Although, as mentioned above, some selenite is transformed into SeCys, the basic organic forms of Se generated in the roots of plants supplied with selenite are SeMet and SeOMet [8]. SeMet was also abundantly detected in the roots of plants exposed to selenite in our study. However, its presence did not affect the expression of mmt genes encoding the enzymes involved in SeMet metabolism in the roots. Expression of both mmt genes in the leaves was, similar to smt, the greatest in the variants exposed to selenite alone. Although the content of MeSeMet in the leaves was not determined, it can be assumed that a significant part of SeMet translocated to the leaves in this variant (Na₂SeO₃) was transformed into MeSeMet in a process mediated by MMT. In this context, downregulation of mmt genes in SeMet variants is difficult to explain.

4.4. Biofortification in Se

Application of the inorganic and organic form of Se increased the content of this element in the leaves but the biofortification effect, which is determined based on total Se concentration, was considerably stronger when the plants were supplied with organic Se. Dominant Se speciation forms in the leaves of lettuce plants supplied with organic Se included organic SeMet and MeSeCys, which are highly desirable from a nutritional point of view. However, the share of identified speciation forms in total Se following application of organic Se was low and did not exceed 15%. According to a review [63], unidentified forms of Se may account for up to 85% of total Se, and the main speciation form in this group is γ-glutamyl-MeSeCys, which was not determined in our study. The chromatogram showed the signals from unidentified Se compounds, with one of them being particularly strong (Figure 2). Considering the retention time of this signal and its closeness to the retention time of SeMet and MeSeCys, it can be assumed that it was an organic Se compound, e.g., the mentioned γ-glutamyl-MeSeCys or γ-glutamyl-MeSeMet. These compounds were not determined in our study due to a lack of commercially available standards. Apart from MeSeCys, selenite-treated plants accumulated Se as SeO₃. From the nutritional perspective, biofortification with selenite, even when associated with accumulation of some Se as organic forms (MeSeCys), was low mostly due to low content of total Se in the leaves. Contrary to that, biofortification of lettuce with organic Se enhanced total Se content by 7 to 10 times. Combined application of Se and SA did not induce changes in total Se content in the leaves or the share of speciation forms that could have a significant nutritional impact.

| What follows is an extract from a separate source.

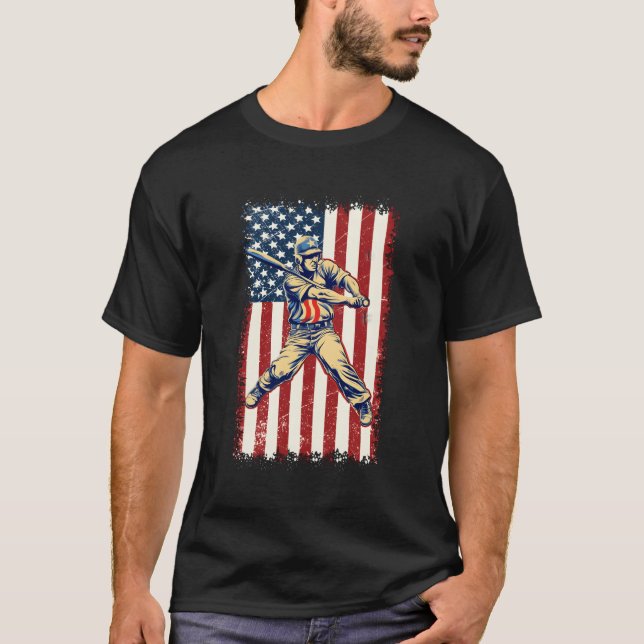 Baseball Ball 4. Juli American Flag Baseba T-Shirt (Vorderseite)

Taking into account the Se content in lettuce treated with organic Se, which in our study reached about 50 mg Se kg⁻¹ dry weight, mean content of dry weight in lettuce amounting to 5%, and daily consumption of lettuce at 23.6 g, i.e., mean daily consumption per an adult in the EU [64], this portion of the vegetable provides about 65 µg Se day⁻¹ and meets the daily recommended intake of Se, which is 55–70 µg Se day⁻¹ for adult humans [65].

5. Conclusions

The biofortification effect measured by total Se content was considerably greater when the plants were supplied with organic Se. A 0.5 mg dm³ dose of organic Se in the medium allows for achieving Se content in plant tissue that covers daily dietary intake in adults consuming about 25 g of lettuce per day.

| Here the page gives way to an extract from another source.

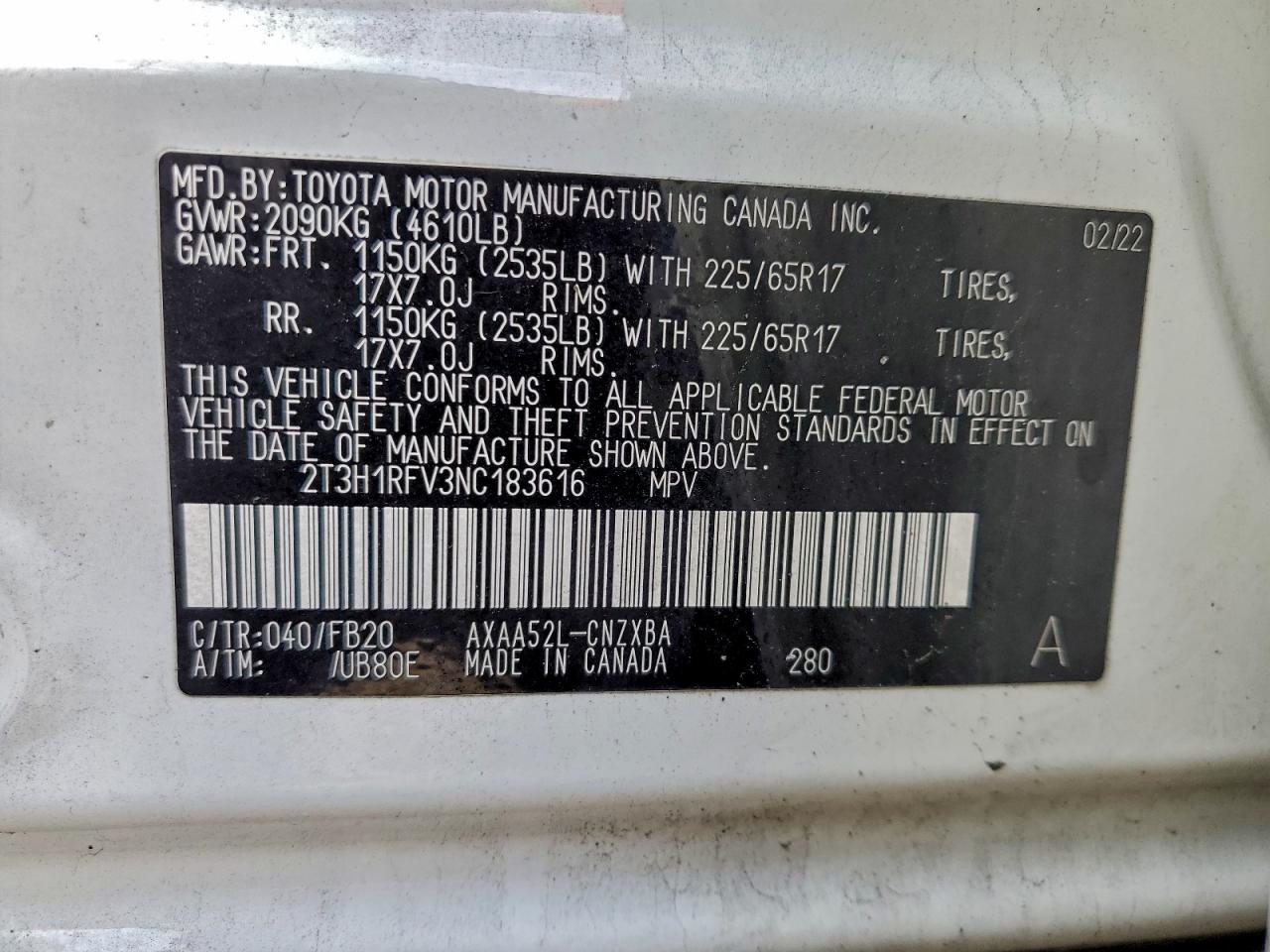 2022 TOYOTA RAV4 LE photo 13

Dominant Se speciation forms in the leaves of lettuce plants supplied with organic Se included organic SeMet and MeSeCys, which are highly desirable from nutritional point of view. Plants treated with selenite accumulated mainly MeSeCys and SeO₃⁻².

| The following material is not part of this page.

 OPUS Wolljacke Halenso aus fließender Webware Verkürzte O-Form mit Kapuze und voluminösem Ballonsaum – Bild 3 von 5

SA enhanced Se uptake, especially of organic Se forms. Enhanced amounts of Se accumulated in the presence of SA were not translocated to the leaves but remained in the roots. SA improved the content of MeSeCys in the roots, which suggests its ability to accelerate the process of Se conversion to MeSeCys on its way to volatilization via methylation. Plant absorption of Se, and particularly organic Se, enhanced synthesis of endogenous SA, which probably served as a signal for activating defense mechanisms known in hyper-accumulating plants. Enhanced synthesis of endogenous SA took place mainly in the roots, which also accumulated more Se than leaves. Intensified expression of smt and two mmt genes was only observed in the leaves of plants supplied with selenite alone.